Even here, Hooper refrains from any emphatic use of special effects, or even any emphatic spectacle, since the house is pointedly devoid of fixtures and largely in a state of disrepair, like an ancient sound stage that was last used during the classical era and has since fallen into desuetude. At the very moment at which the film seems set to disclose these same-sex living arrangements as its summative spectacle, we’re instead presented with something of a blank canvas, as Straker and Marlow are collapsed back into the wider legacy of the house and its lineage of tenants. As a result, their proximity to the town’s boys is never really resolved in any decisive fashion, just as the import of Straker’s peculiar pleasures are never really contained either, with Hooper cycling through the genre cues as rapidly as possible, and sidelining all the conventional vampiric moments in favour of quite a bleak conclusion, as the Straker house burns with Susan trapped inside, and the flames then engulf the town.
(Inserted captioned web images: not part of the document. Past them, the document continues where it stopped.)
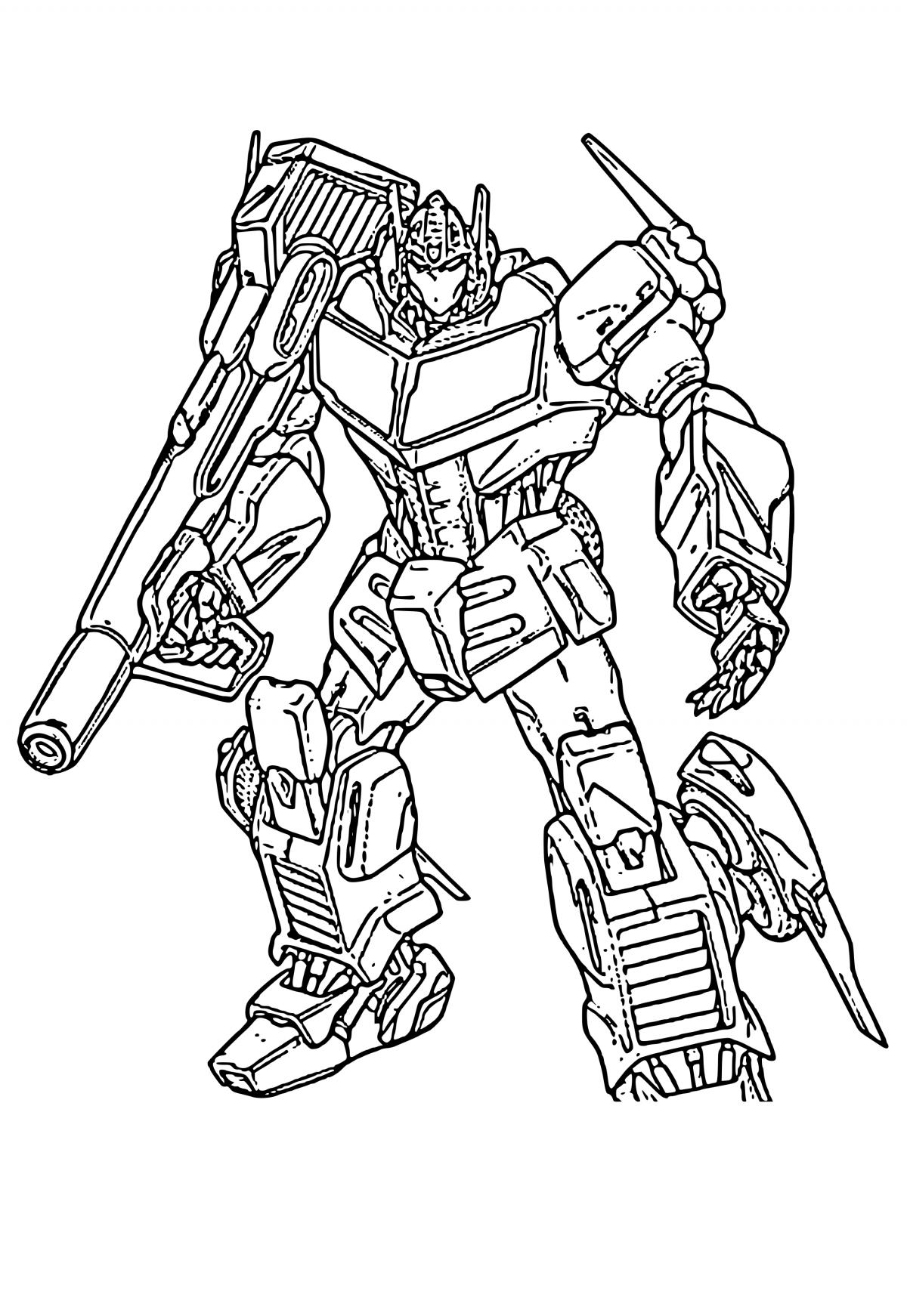 Free printable optimus prime weapon coloring page for adults and kids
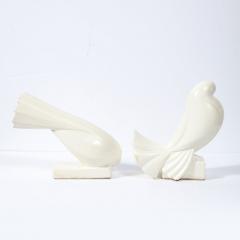 Jacques Adnet Pair of White Ceramic Dove Sculptures by Jacques Adnet - 2946512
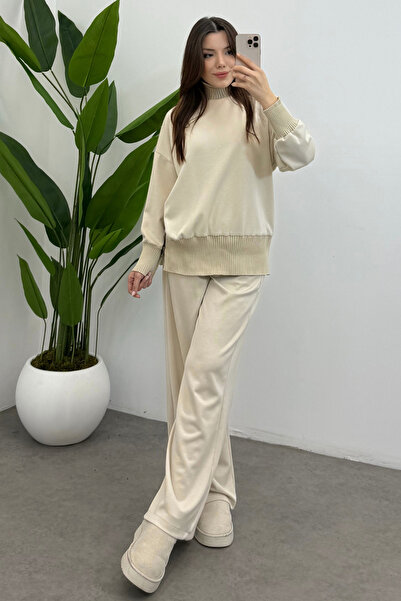 Bipantolon Women's Cream Turtleneck Side Zipper Detailed Modal Suit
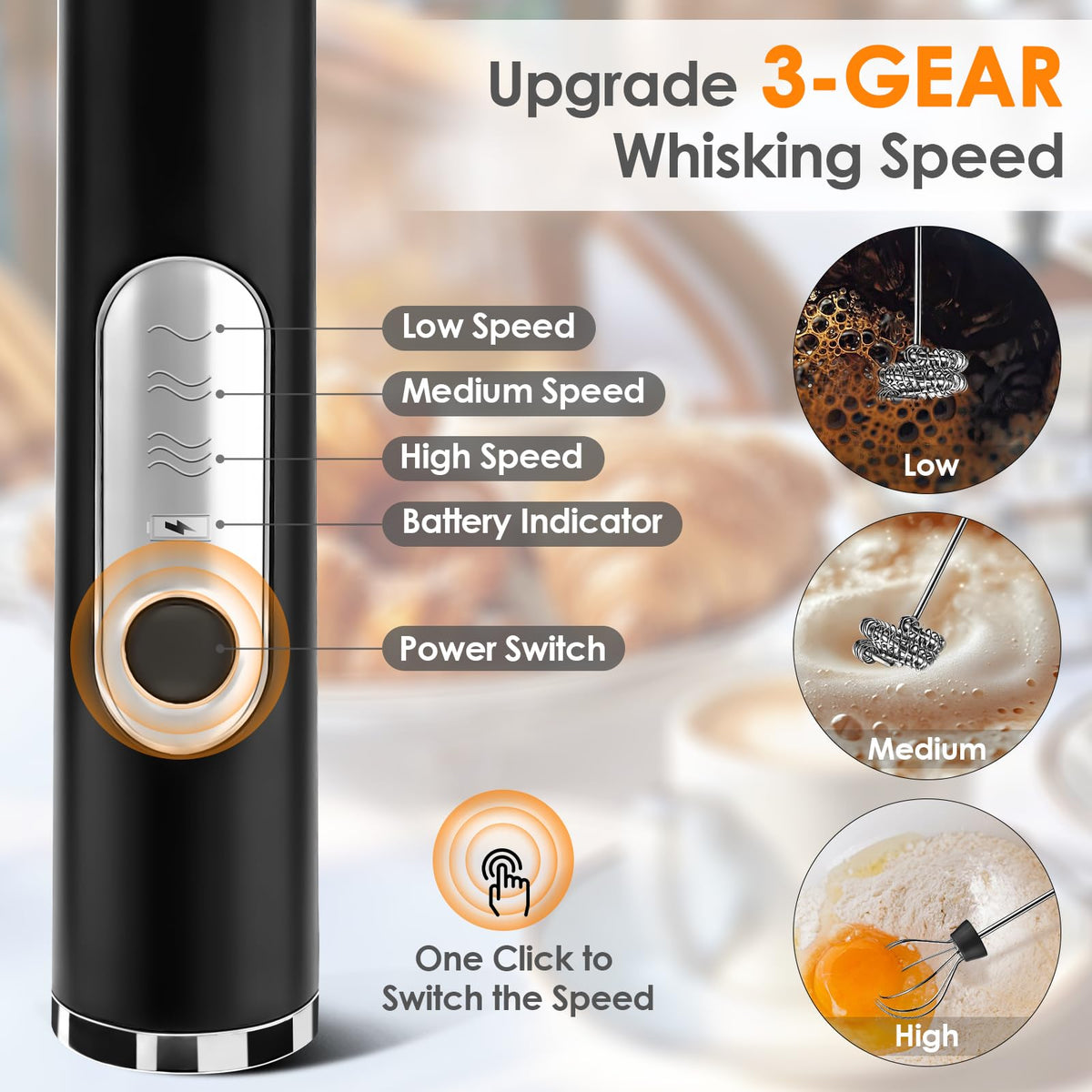 Toughwild frother with two stainless steel whisks for foam and whipping.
Yet the screenplay doesn’t quite end there. With everyone else in their lives either dead or undead, Ben and Mark are forced to conceive of a new kind of relationship in order to stay one step of the vampires, even if that new relationship simultaneously brings them closer to the vampires by conforming to the eerie proximity between boys and men that roused the suspicion of the townsfolk in the first place. It’s at this point that Hooper returns to the opening scene in Guatemala, where Susan suddenly reappears, and promises to mediate Ben and Mark’s relationship, thereby allowing them to finally commune as a regular father and son. In the final twist of the film, however, Susan turns out to be acting at the behest of the vampires, forcing Ben and Mark to exclude her as a point of reference more emphatically than ever before, and consign themselves to wandering the world much as Straker and Barlow did before them. What that world now looks like is unclear, since Salem’s Lot is no more than a distant memory, and Maine itself might as well have vanished into thin air. What is clear is that it can no longer be processed by Hooper’s exquisite naturalism, and that’s perhaps why Larry Cohen opted for high camp with A Return To Salem’s Lot, released in 1987, which takes this unusual rapport as its point of departure and main subject matter.